How important is it to read to kids? What do those yearly tests for reading mean? Everyone knows that reading is important, but the statistics can show just how important it is.

Reading to Children at Home

Literacy is important at any age. You might not think that reading at home will make a difference but it does. Look at these statistics from the National Education Association.

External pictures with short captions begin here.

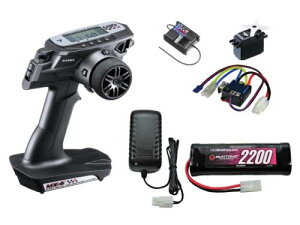 SANWA MX-6 EP START SET RX-391W/BL-SIGMA/SRM-102Z dRCJ[p v|Zbg hdlM@ { X^_[hT[{ { uV[^[pobNtESC { I[gJbg}[d { spobe
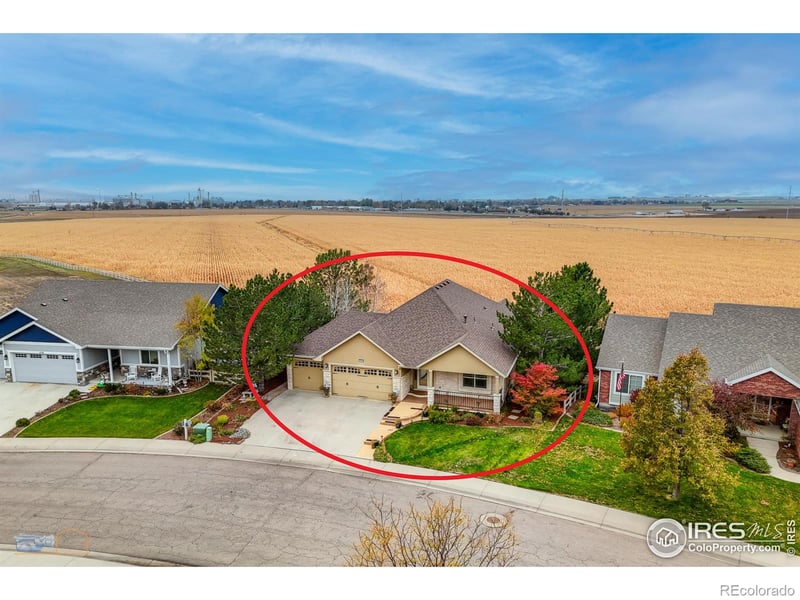 420 Peregrine Point, Eaton, CO 80615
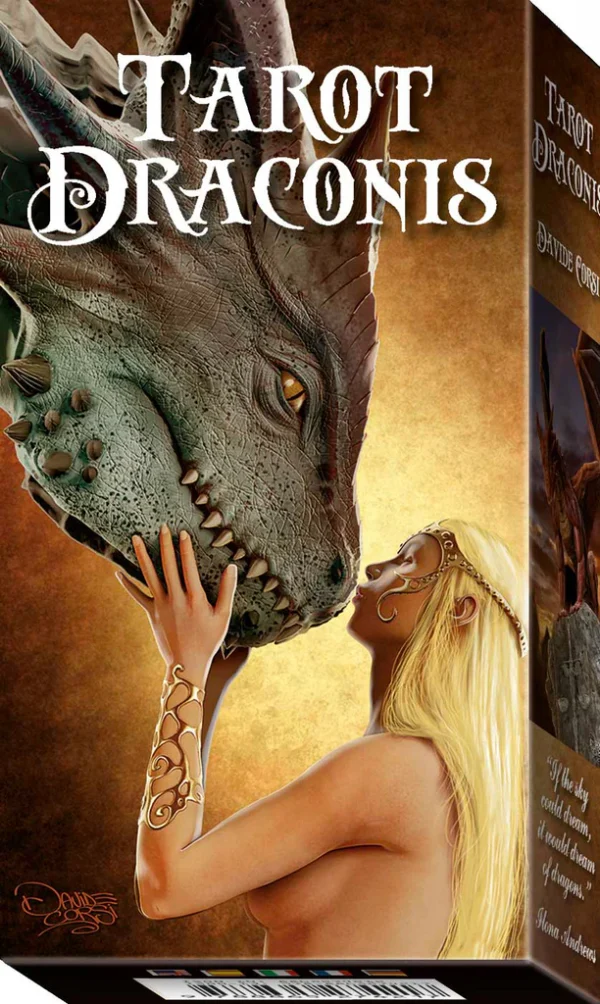 TAROT DRACONIS - LO SCARABEO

  • Twenty-six percent of kids can recognize the alphabet when they are read to 3 or more times by family a week.
  • Frequently read to kids are 60% more likely to count to 20.
  • Kids are 54% more likely to write their name when read to frequently.
  • Children are 77% more likely to read or pretend to read when read to frequently.
Mother and daughter reading book on sofa

School Literacy Statistics

Understanding the literacy statistics for various ages at school is important to understanding how to improve literacy. Check out a few important statistics.

Literacy Based on Class

Every reader should have equal rights to an education. However, statistics show that the lower your socio-economic class, the harder it is to be a proficient reader.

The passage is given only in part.